Obama said Friday Muslims have the right to build an Islamic center "on private property in lower Manhattan" as a matter of religious freedom. Speaking at a White House celebration of the beginning of Ramadan, a holy month in Islam, the president said freedom of religion is constitutionally protected but acknowledged it is often accompanied by controversy.
He cited current debate about plans to construct mosques in several U.S. communities -- particularly in New York, where plans call for an Islamic community center and mosque near the site where al-Qaida extremists crashed jetliners into the Twin Towers Sept. 11, 2001, killing an estimated 3,000 people.
The president said he understands "the emotions that this issue engenders.
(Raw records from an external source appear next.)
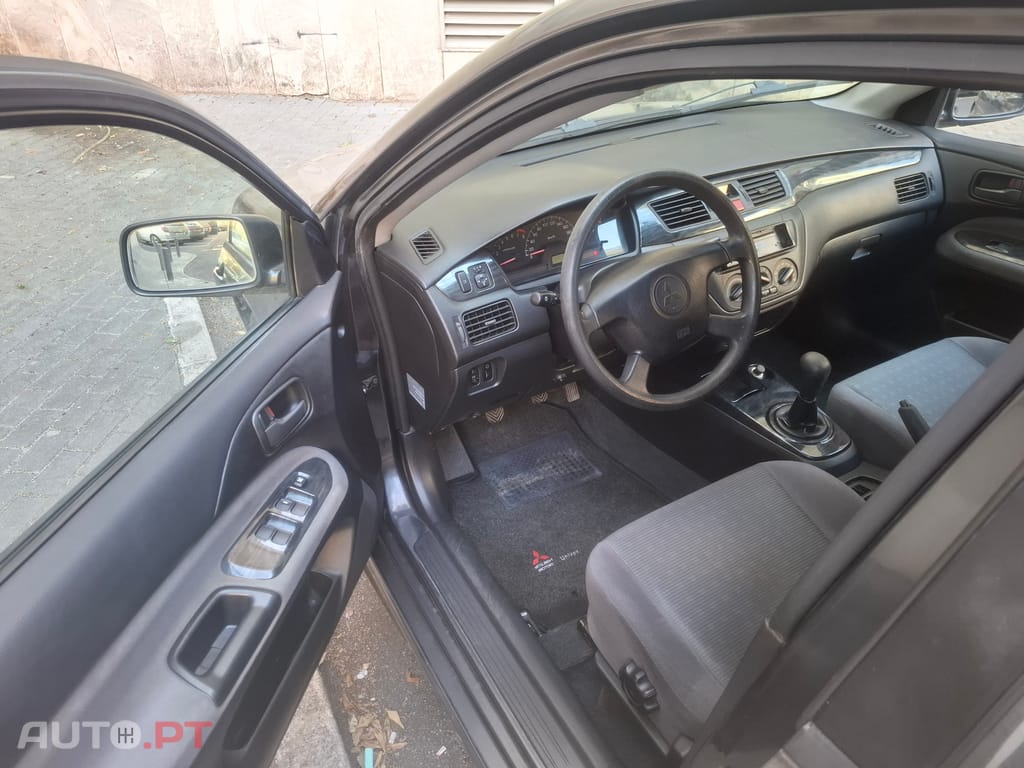 Mitsubishi Lancer CS 1.3 gasolina
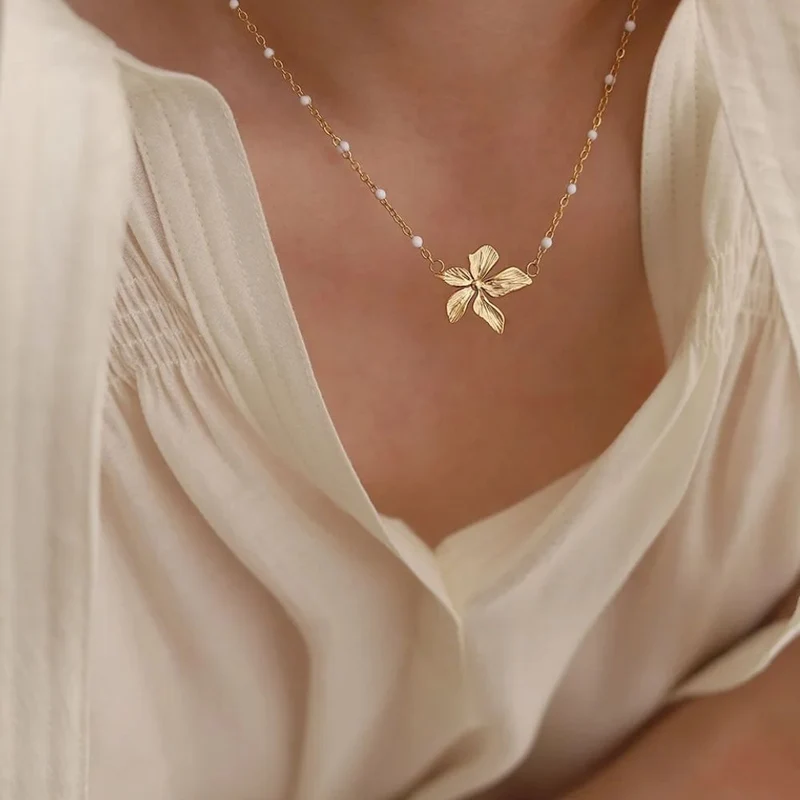 Collier Fleur Victoria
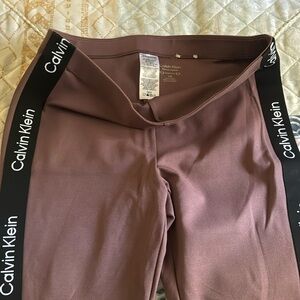 Calvin Klein size large performance stretch leggings new
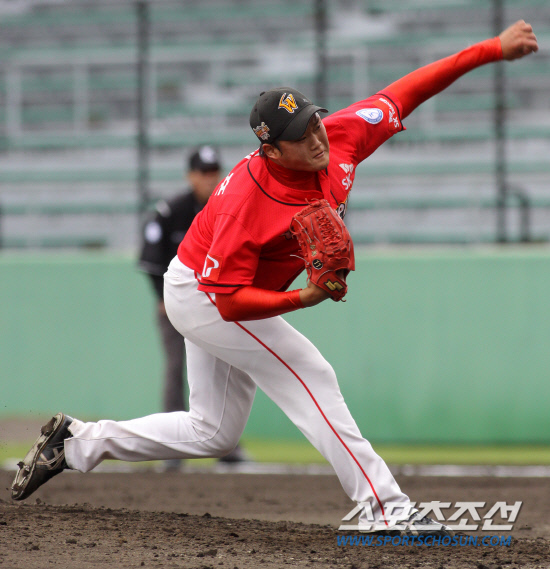 
	SK �������� ���� 2�� 27�� ��Ű���� ķ���� ��Ī�ϴ� ���. ��������=SK ���̹���


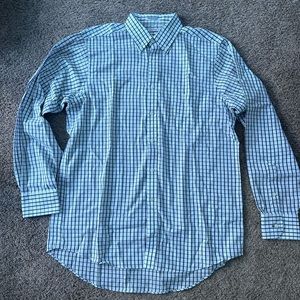 Izod button down shirt. Like new condition. Blue/white/green. Size 16.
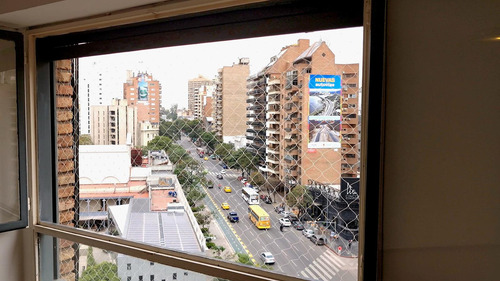 Departamento En Venta De 2 Dormitorios Al Frente Del Paseo Buen Pastor En Barrio Nueva Córdoba.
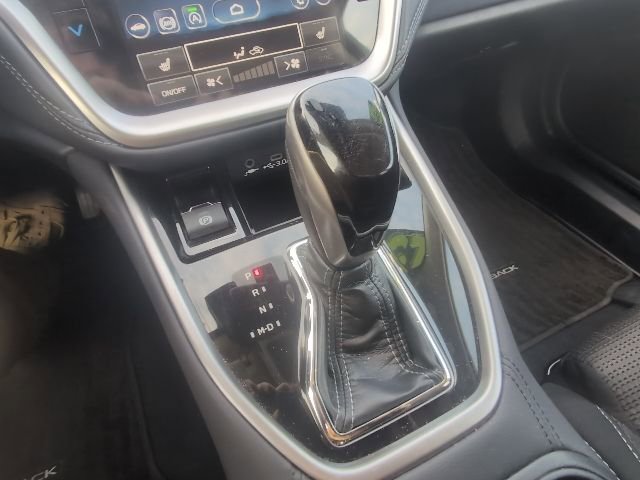 Used 2025 Subaru Outback Premium image 22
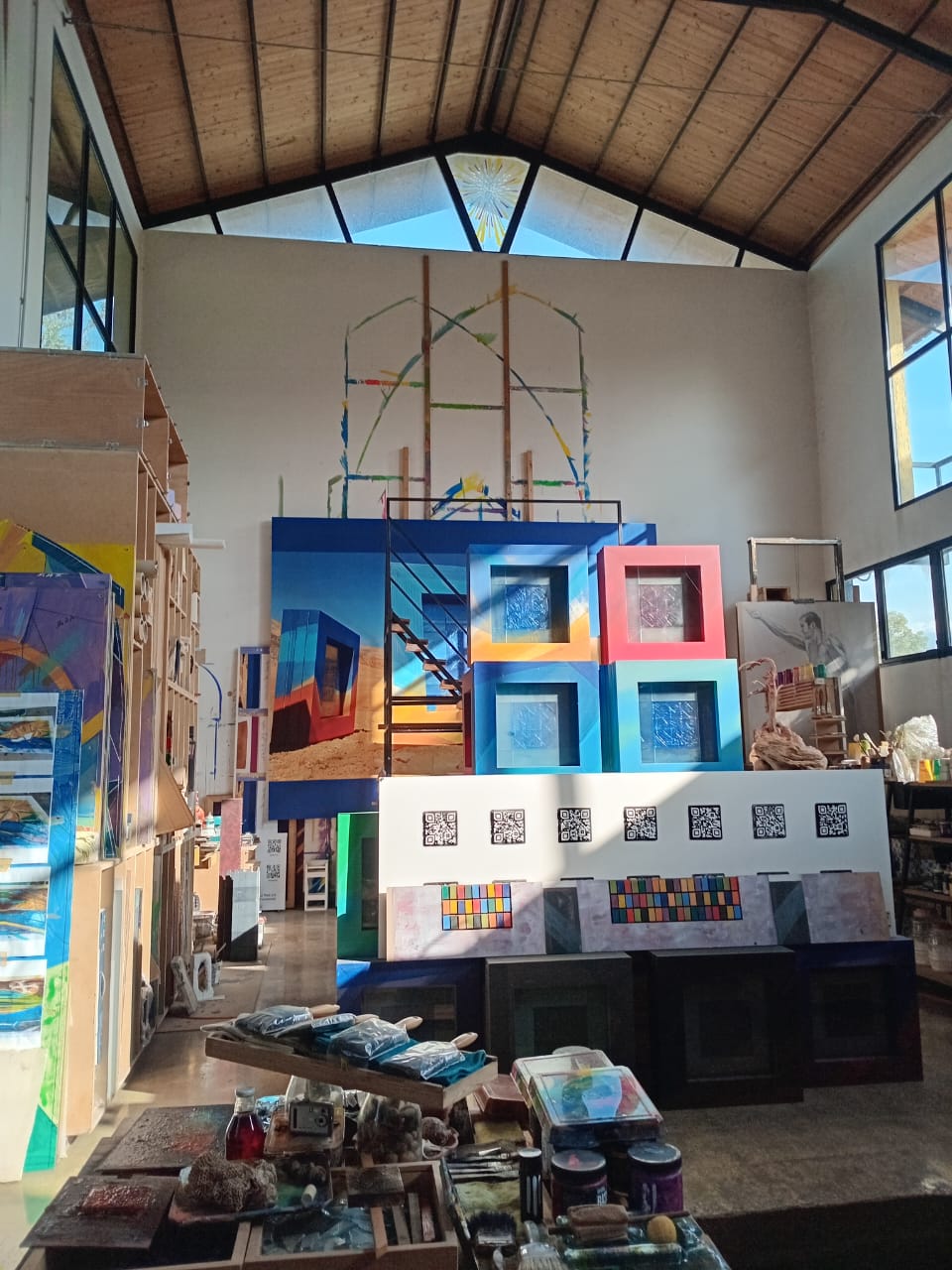 سيرة اللون  والنور في مسيرة طوني العلم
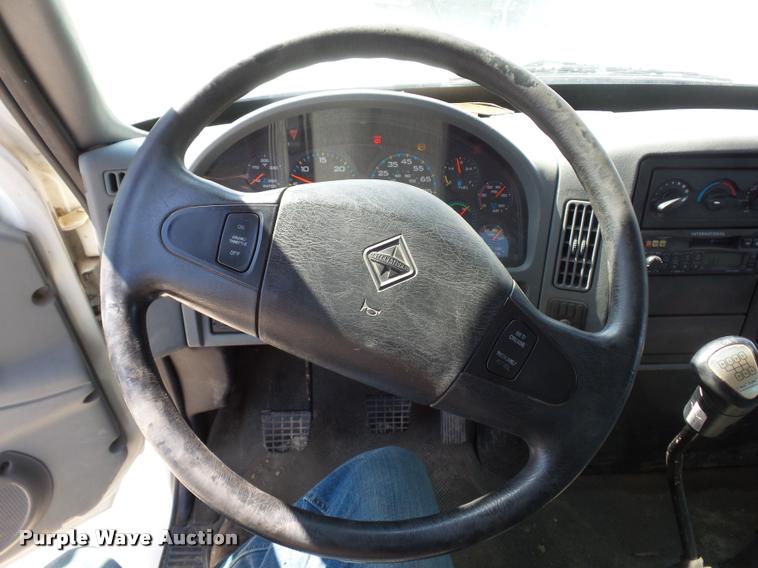 image for item DD9285 2002 International 4300 flatbed truck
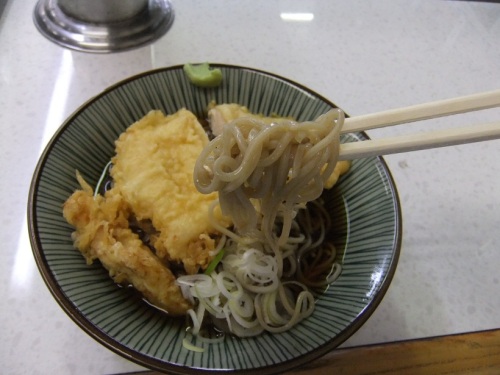 南魁楼＠八柱のとり天そば(冷)２20120805.JPG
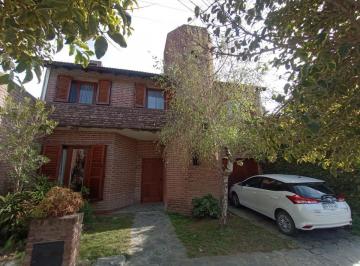 Casa · 180m² · 5 Ambientes · 2 Cocheras · Casa en Venta - 4 Dorm. 3 Baños - Cochera - 250 m² - Balcarce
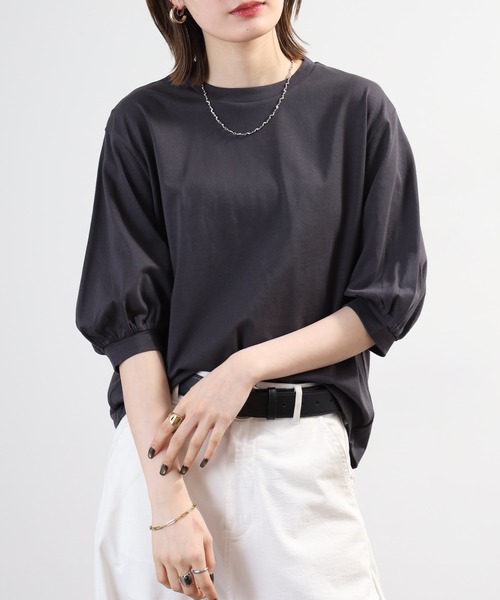 FUNALIVE(ファンアライブ)の「ボリューム袖ショート丈カットソー 半端袖(Tシャツ/カットソー・レディース・モカ/ブラック/オフホワイト/チャコールグレー/グレイッシュベージュ・F)」の13枚目の写真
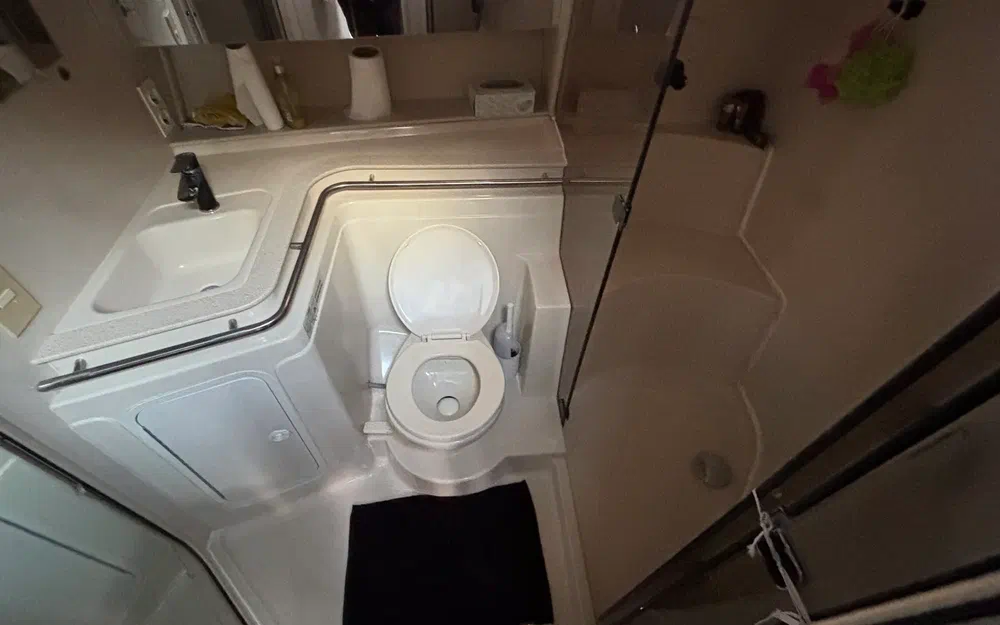 slider 40 Cruisers Yachts  4270 Esprit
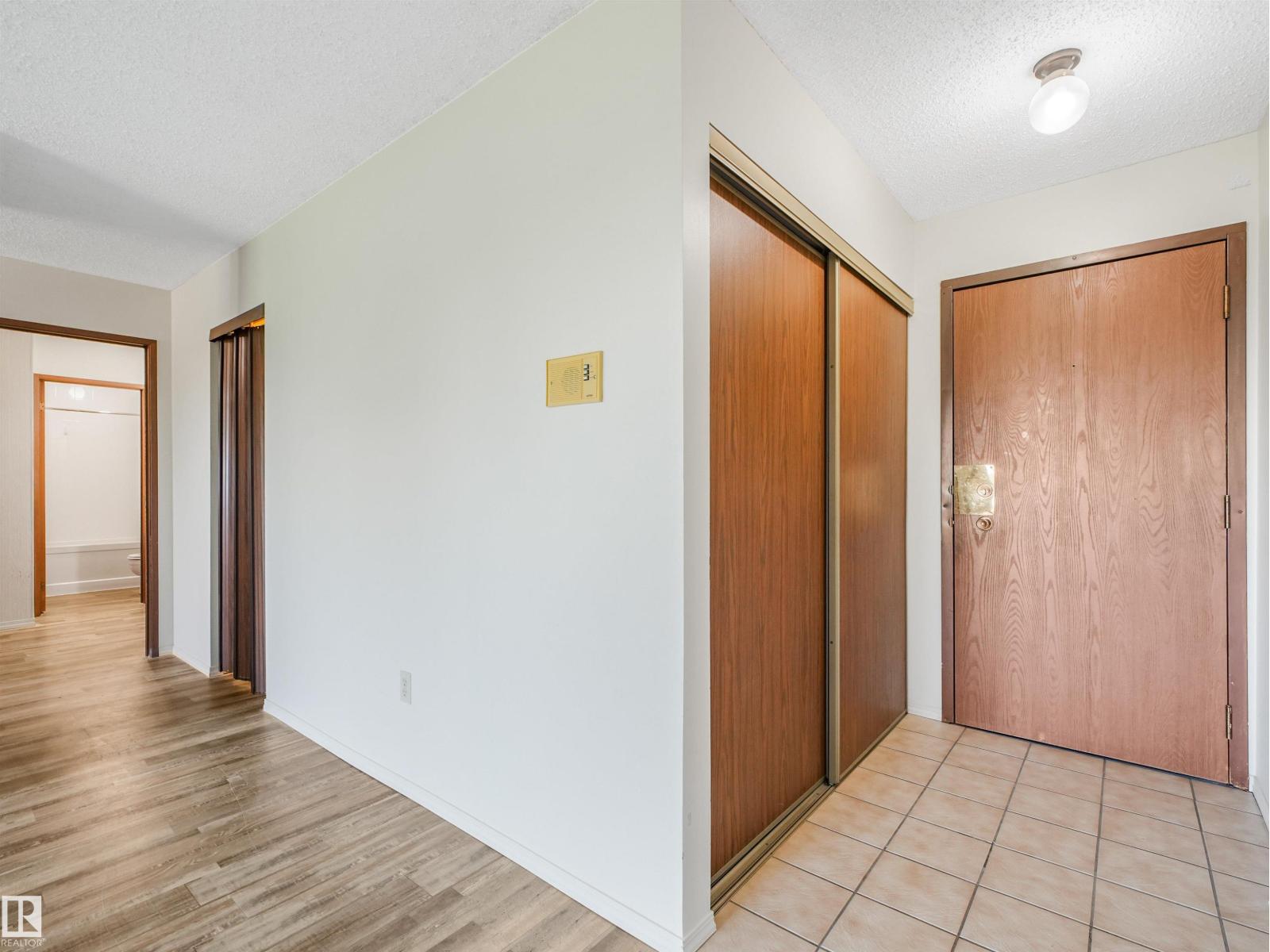 #403 11115 74 ST NW - 34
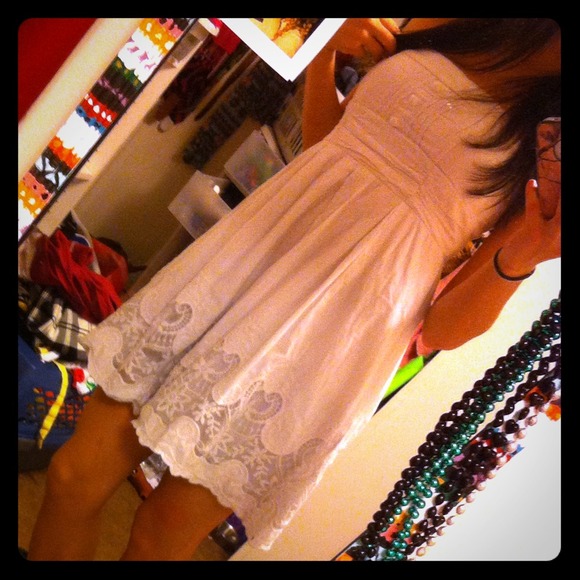 Strapless white dress and sunglasses bundle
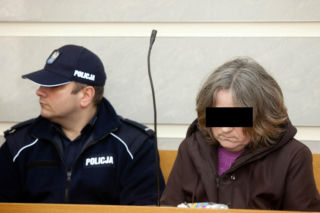 Głodzili dzieci, bili i gwałcili. Horror w rodzinie zastępczej
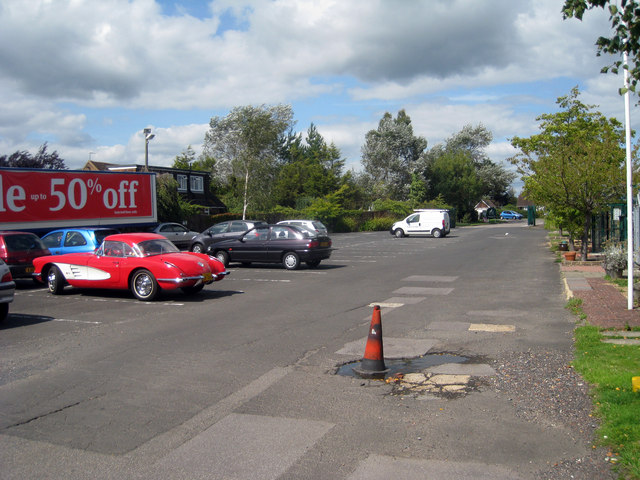 File:Garden Centre Car Park - geograph.org.uk - 1425489.jpg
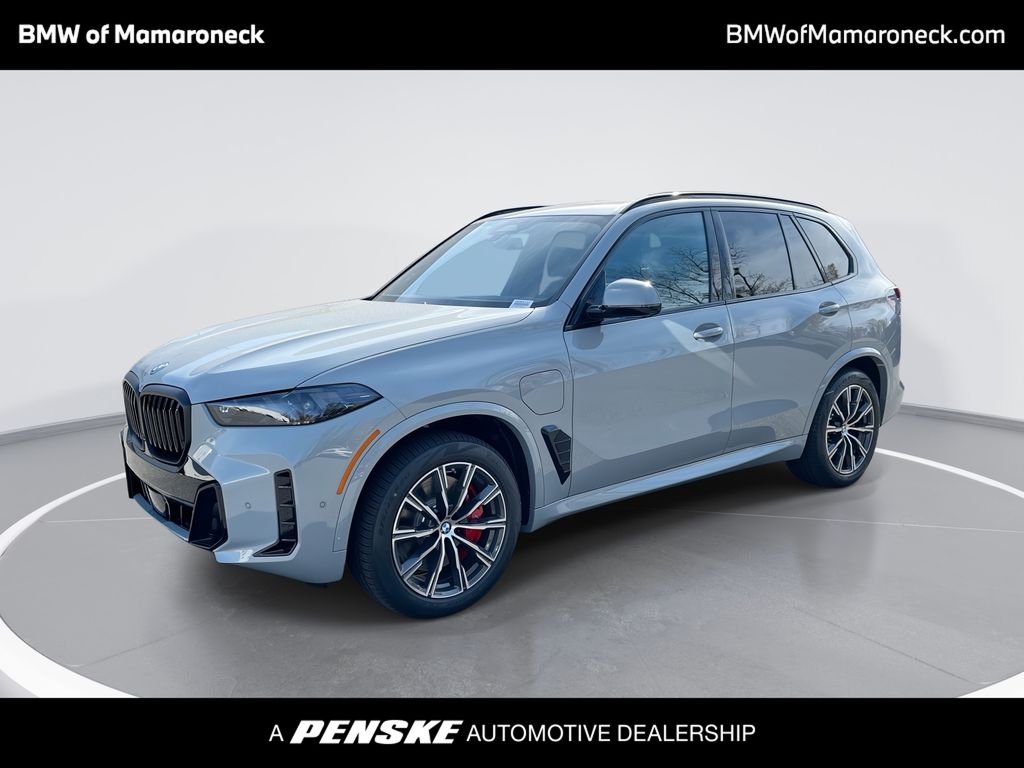 2026 BMW X5 50e's photo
Ground Zero is, indeed, hallowed ground."
"But let me be clear: as a citizen, and as president, I believe that Muslims have the same right to practice their religion as anyone else in this country," he said. "That includes the right to build a place of worship and a community center on private property in lower Manhattan, in accordance with local laws and ordinances."
The president said al-Qaida is not made up of religious leaders but of "terrorists who murder innocent men, women and children."
"That is who we are fighting against," he said.
Obama told reporters in Florida Saturday the purpose of Friday's remarks was to stress the importance of staying "focused on who we are as a people and what our values are all about."
"I was not commenting and I will not comment on the wisdom of making the decision to put a mosque there," he said.
White House spokesman Bill Burton issued a statement saying the president was not "backing off in any way from the comments he made last night. It is not his role as President to pass judgment on every local project."
"But it is his responsibility to stand up for the constitutional principle of religious freedom and equal treatment for all Americans," Burton said.